Records from a data source:

┄┄┄┄┄┄┄┄┄┄┄┄┄┄┄┄┄┄┄┄

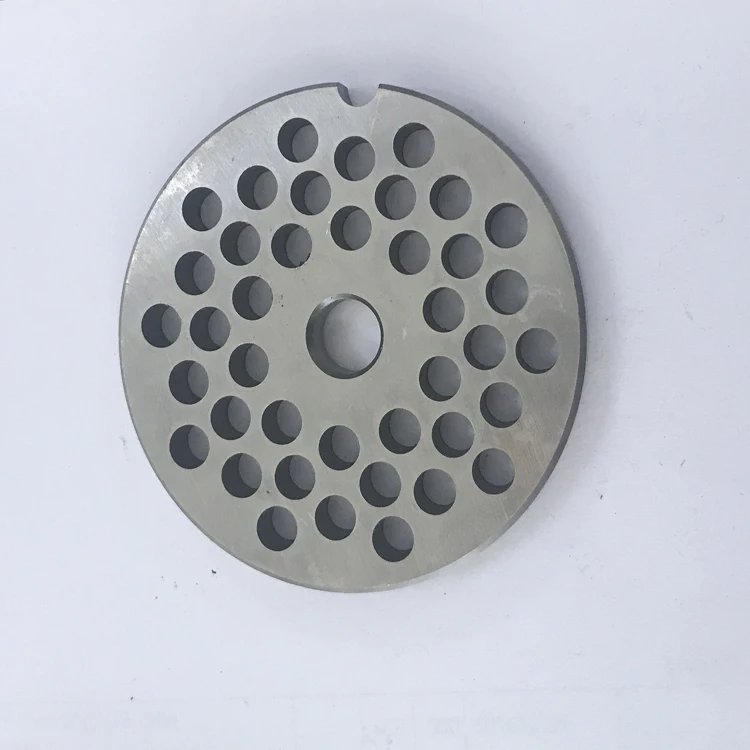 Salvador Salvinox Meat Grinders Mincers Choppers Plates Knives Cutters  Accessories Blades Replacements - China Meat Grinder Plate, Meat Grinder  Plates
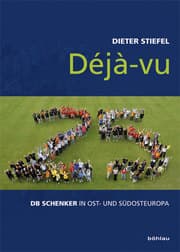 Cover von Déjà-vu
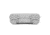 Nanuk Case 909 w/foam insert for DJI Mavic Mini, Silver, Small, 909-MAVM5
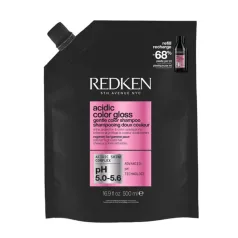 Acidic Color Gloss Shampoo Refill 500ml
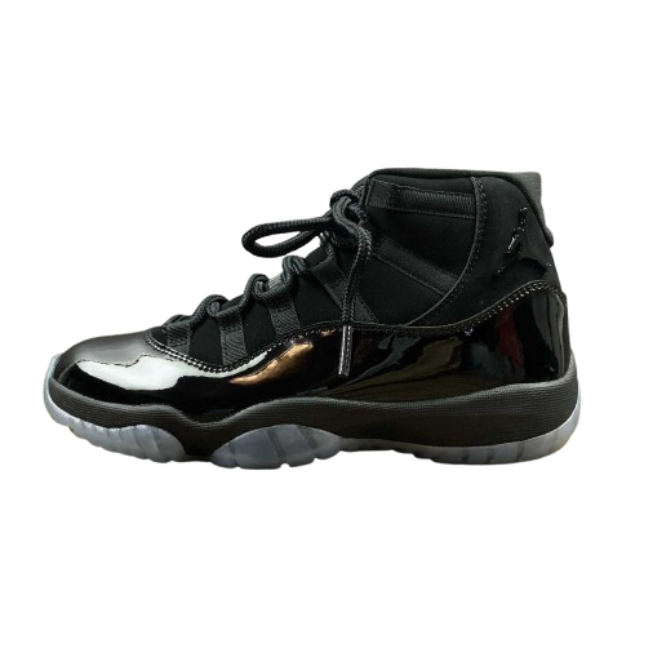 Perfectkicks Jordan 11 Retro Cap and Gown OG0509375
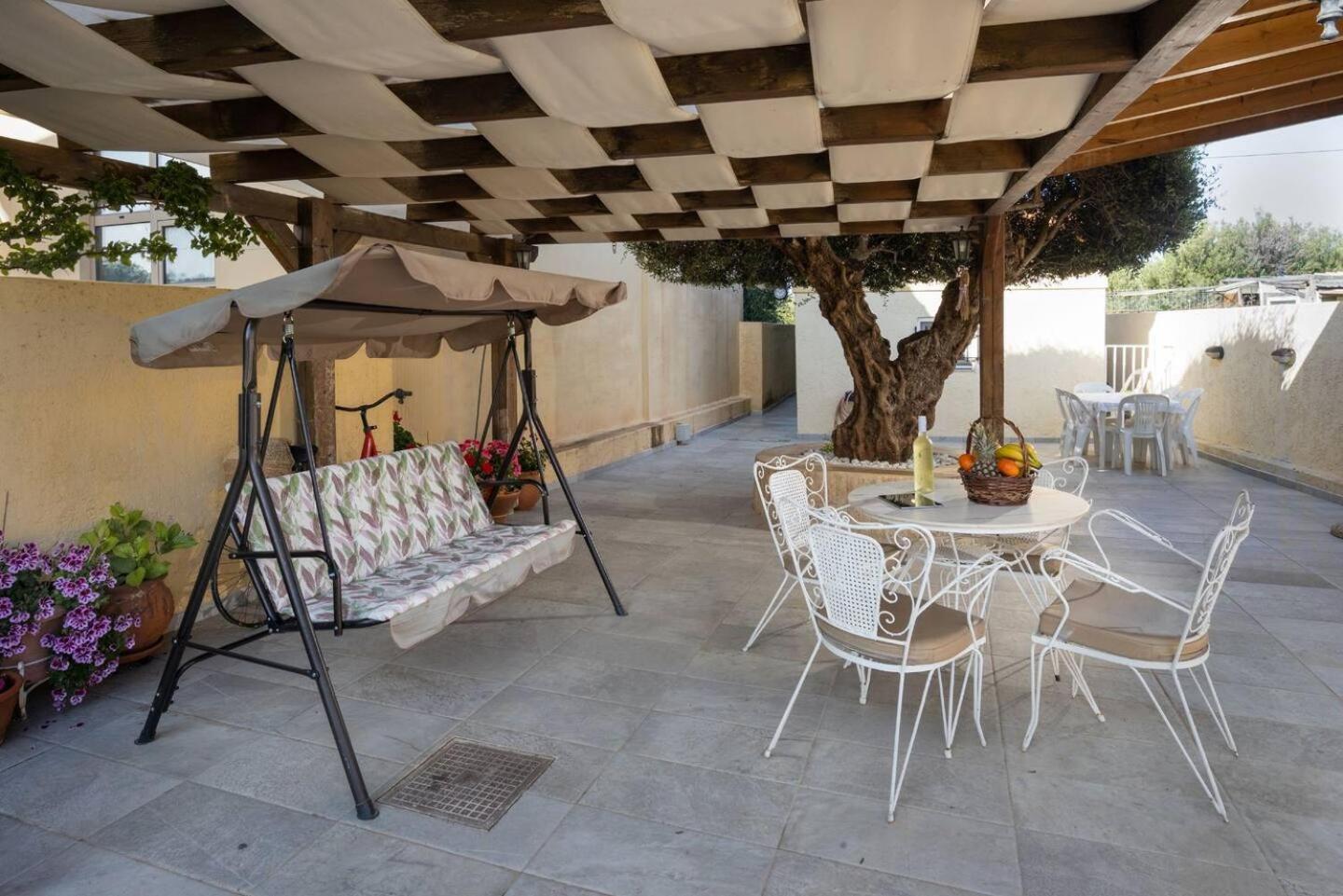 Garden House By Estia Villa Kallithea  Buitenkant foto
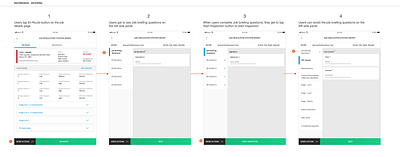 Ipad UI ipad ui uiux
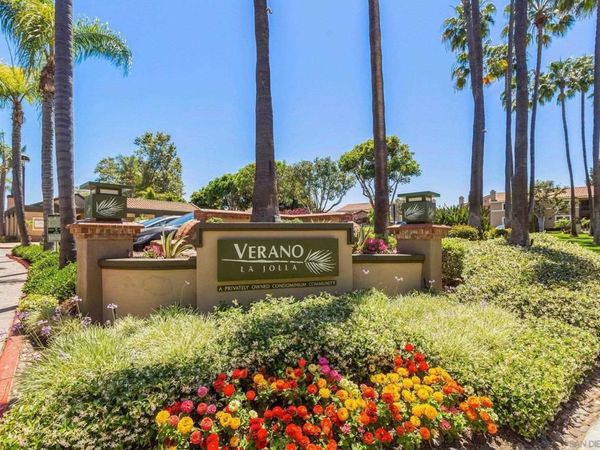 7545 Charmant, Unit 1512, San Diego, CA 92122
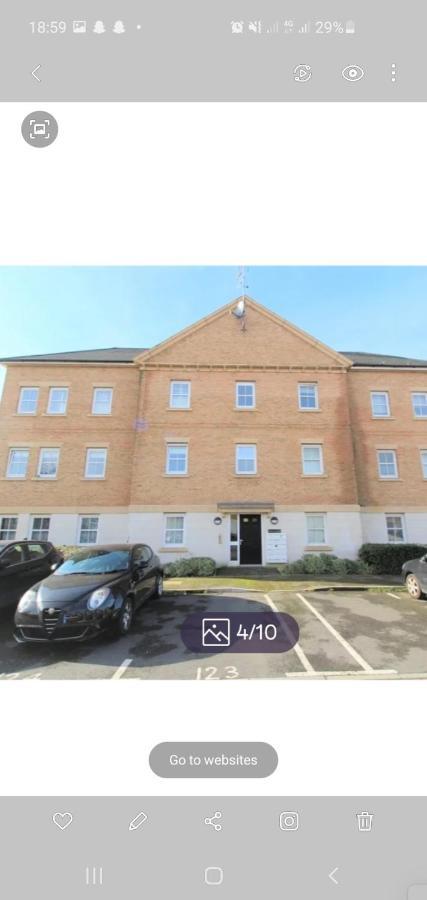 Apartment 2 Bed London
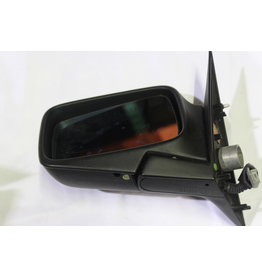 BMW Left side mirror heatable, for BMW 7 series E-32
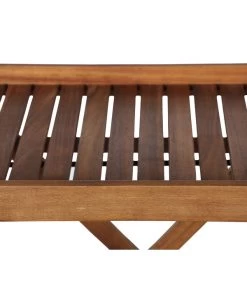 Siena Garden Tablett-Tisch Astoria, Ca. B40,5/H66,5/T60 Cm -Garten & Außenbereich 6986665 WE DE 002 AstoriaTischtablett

┄┄┄┄┄┄┄┄┄┄┄┄┄┄┄┄┄┄┄┄

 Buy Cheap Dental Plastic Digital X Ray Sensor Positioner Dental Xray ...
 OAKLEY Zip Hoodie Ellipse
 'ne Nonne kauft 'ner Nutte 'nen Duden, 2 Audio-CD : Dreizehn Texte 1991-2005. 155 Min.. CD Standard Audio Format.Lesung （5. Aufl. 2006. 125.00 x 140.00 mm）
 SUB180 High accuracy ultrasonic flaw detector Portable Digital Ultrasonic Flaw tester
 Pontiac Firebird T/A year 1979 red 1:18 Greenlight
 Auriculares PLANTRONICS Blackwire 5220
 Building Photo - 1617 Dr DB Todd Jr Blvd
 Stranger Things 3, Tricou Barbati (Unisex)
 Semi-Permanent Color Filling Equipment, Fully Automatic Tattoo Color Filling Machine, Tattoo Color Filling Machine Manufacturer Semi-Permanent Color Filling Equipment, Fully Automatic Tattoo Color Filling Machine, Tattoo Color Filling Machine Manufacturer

┄┄┄┄┄┄┄┄┄┄┄┄┄┄┄┄┄┄┄┄

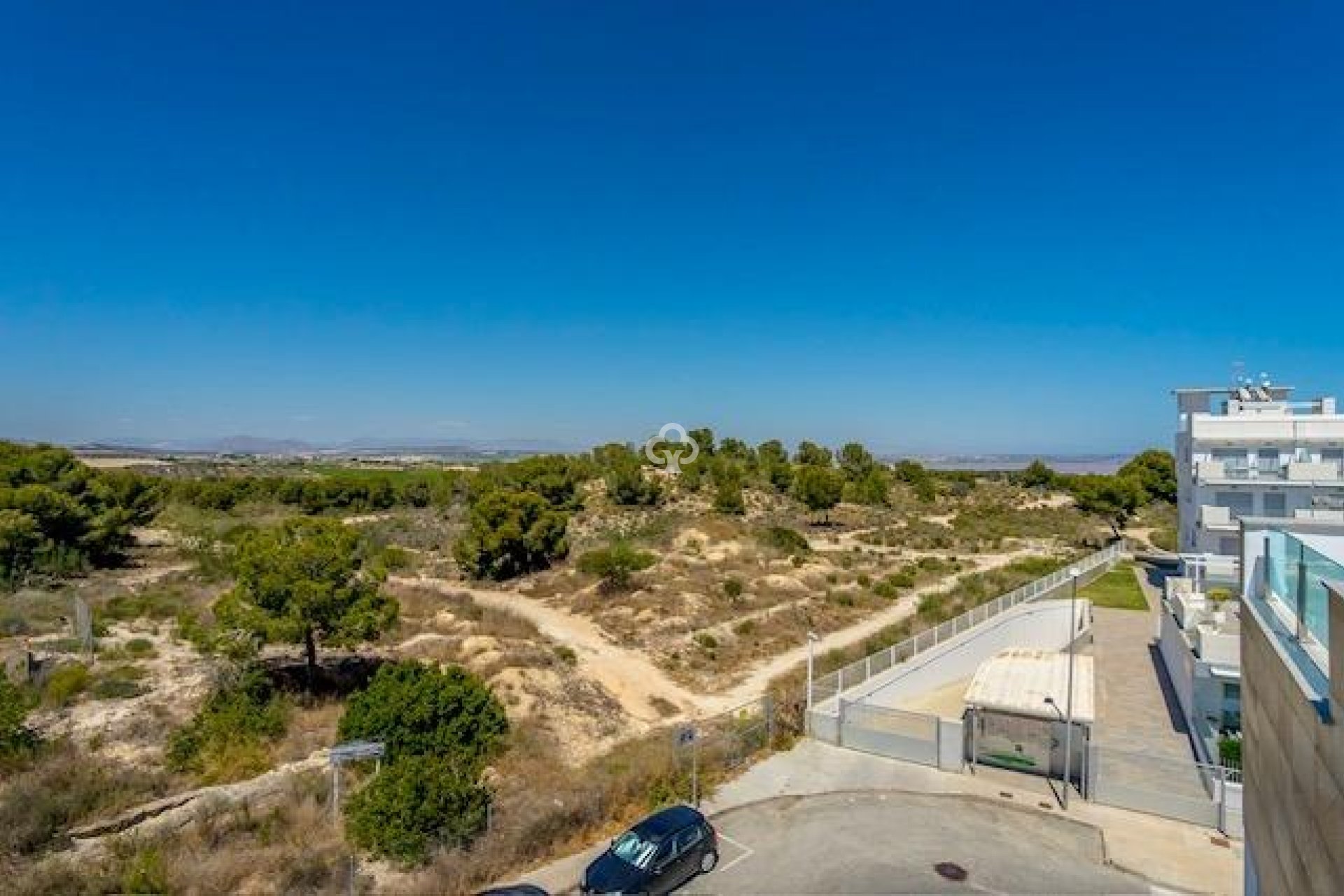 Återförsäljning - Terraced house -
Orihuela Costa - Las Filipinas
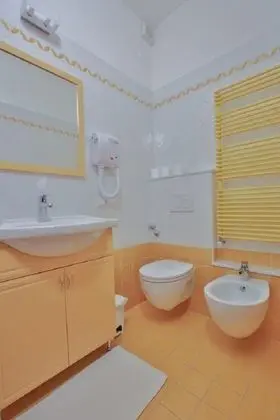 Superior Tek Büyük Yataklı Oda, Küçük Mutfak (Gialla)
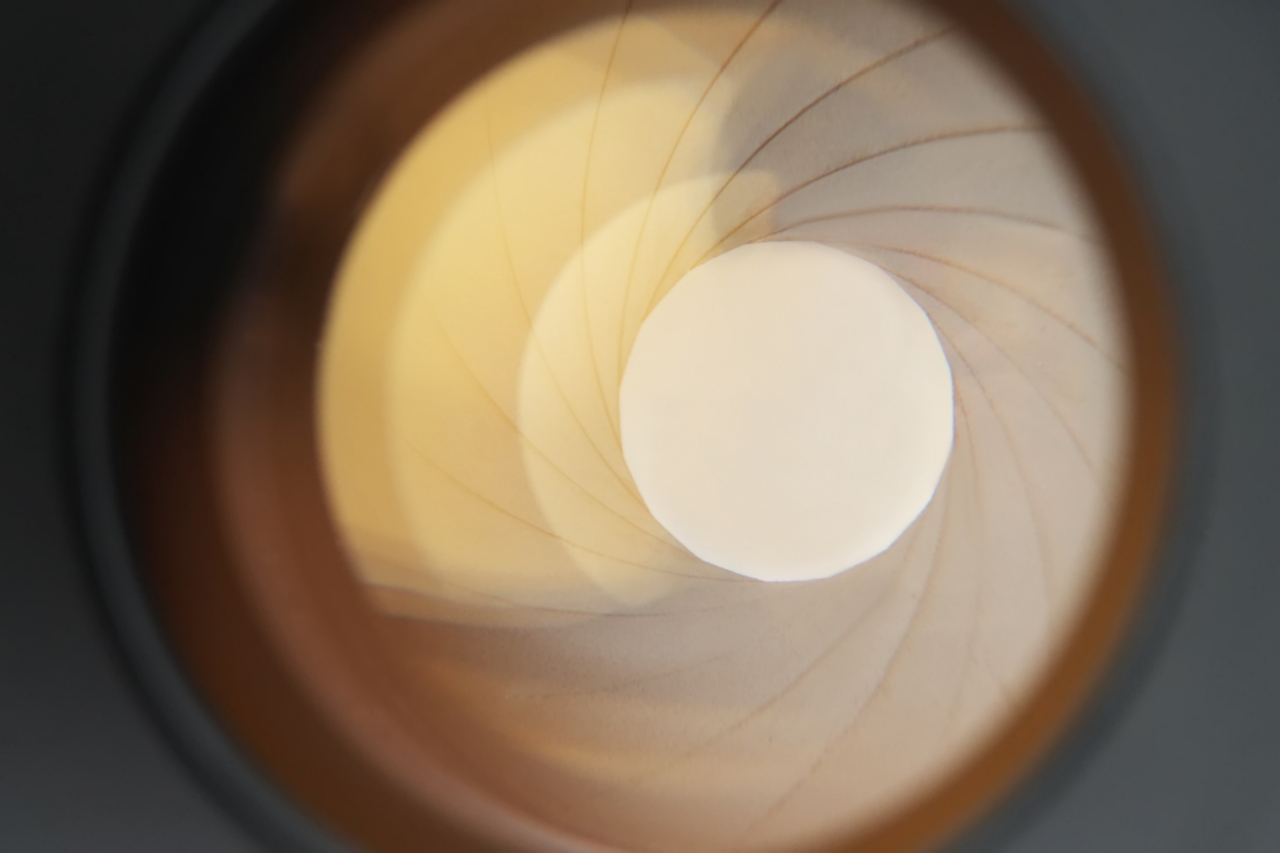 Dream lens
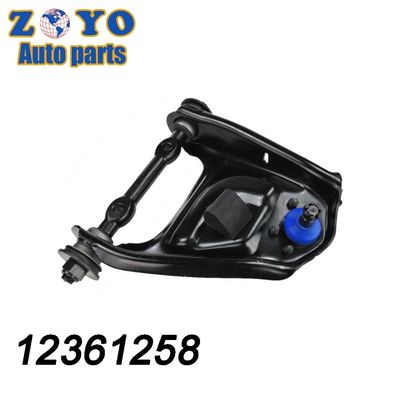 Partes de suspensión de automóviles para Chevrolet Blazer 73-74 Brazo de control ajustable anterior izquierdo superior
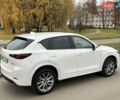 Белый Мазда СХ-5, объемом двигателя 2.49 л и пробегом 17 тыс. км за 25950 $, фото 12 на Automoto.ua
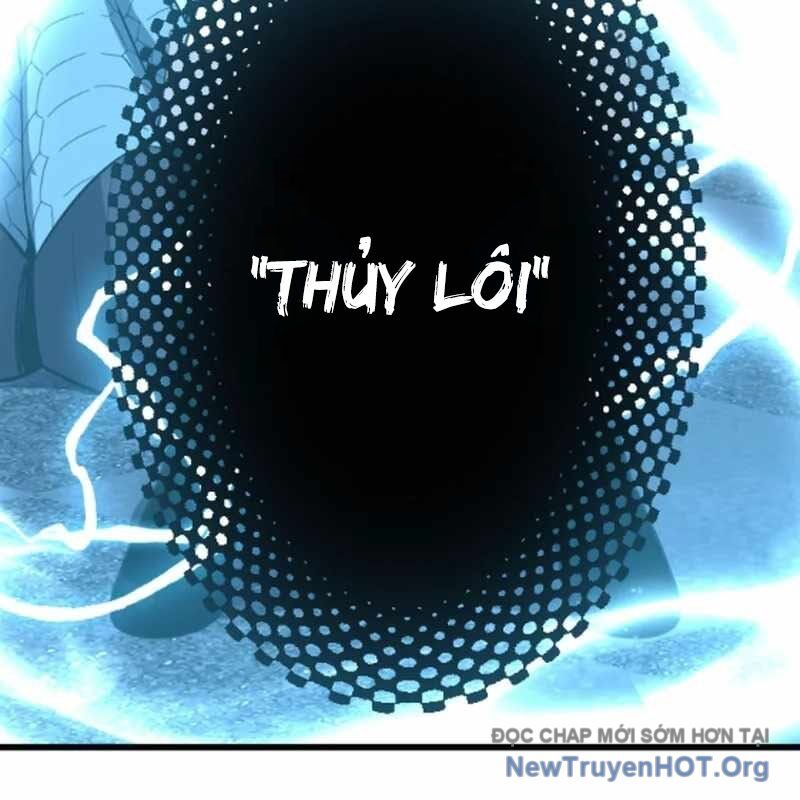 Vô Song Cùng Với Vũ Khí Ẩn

┄┄┄┄┄┄┄┄┄┄┄┄┄┄┄┄┄┄┄┄

### PROBLEM DETAILS
Report how many lines of the records above contain the word "Digital", giving only the number.

### ANSWER AREA
2